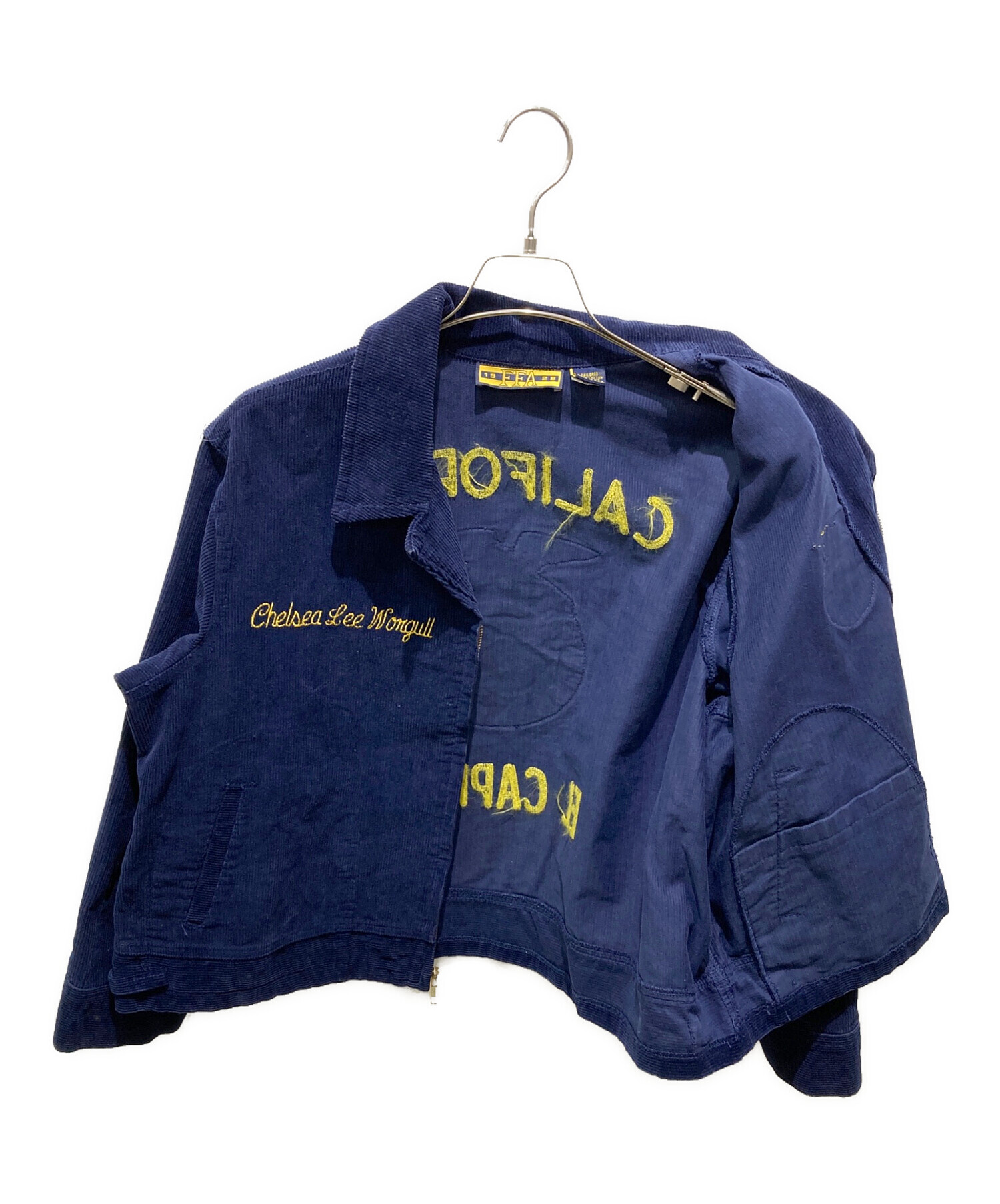 中古・古着通販】FFA (エフエフエー) コーデュロイファーマーズ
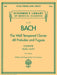 The Well-Tempered Clavier, Complete Schirmer Library of Classics Volume 2057 巴赫約翰‧瑟巴斯提安 平均律 | 小雅音樂 Hsiaoya Music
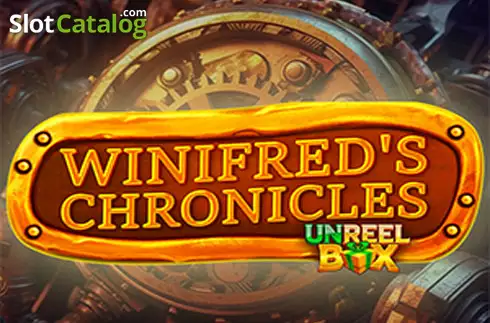 Winifred's Chronicles Λογότυπο Winifred's Chronicles Λογότυπο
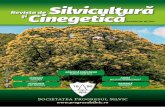 Reista de Ăi CinegeticĂ - Progresul Silvicprogresulsilvic.ro/wp-content/uploads/RSC_40_2017.pdf · Recenzie G. Postolache. Ariile naturale protejate din Moldova. Vol. 2. Arbori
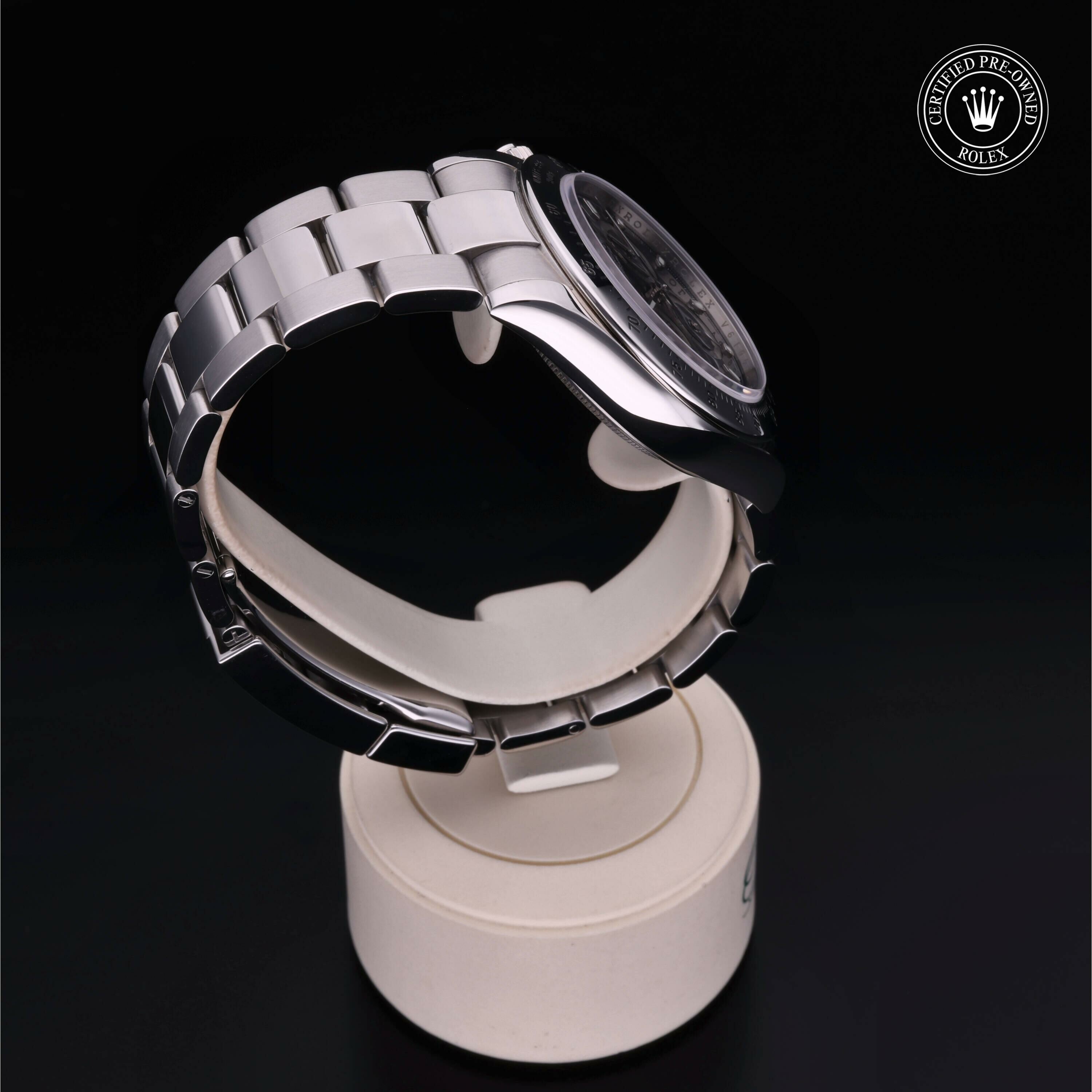 Rolex Cosmograph Daytona en Acier M116520-0015 chez Ferret - vue 26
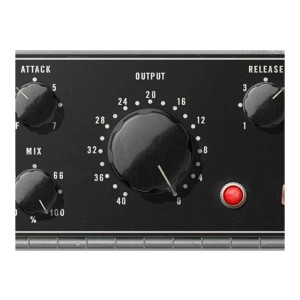 UNIVERSAL AUDIO UAD UA 175B & 176 Tube Compressor Collection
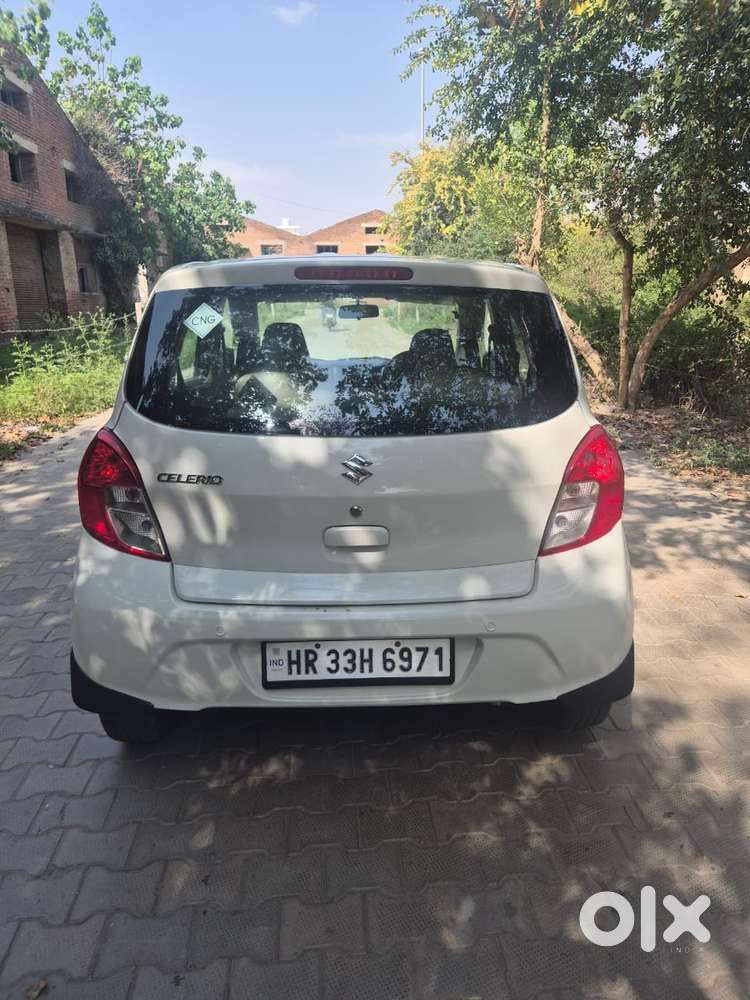 Maruti Suzuki Celerio 2021-1.0 Vxi Cng Mt, 2020, Cng & Hybrids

• _Exercise prompt_
Quote the material above exactly, from the line holding "UNIVERSAL AUDIO UAD" through its last line, including both. Omit the pictures.

• _Exercise answer_
 UNIVERSAL AUDIO UAD UA 175B & 176 Tube Compressor Collection
 Maruti Suzuki Celerio 2021-1.0 Vxi Cng Mt, 2020, Cng & Hybrids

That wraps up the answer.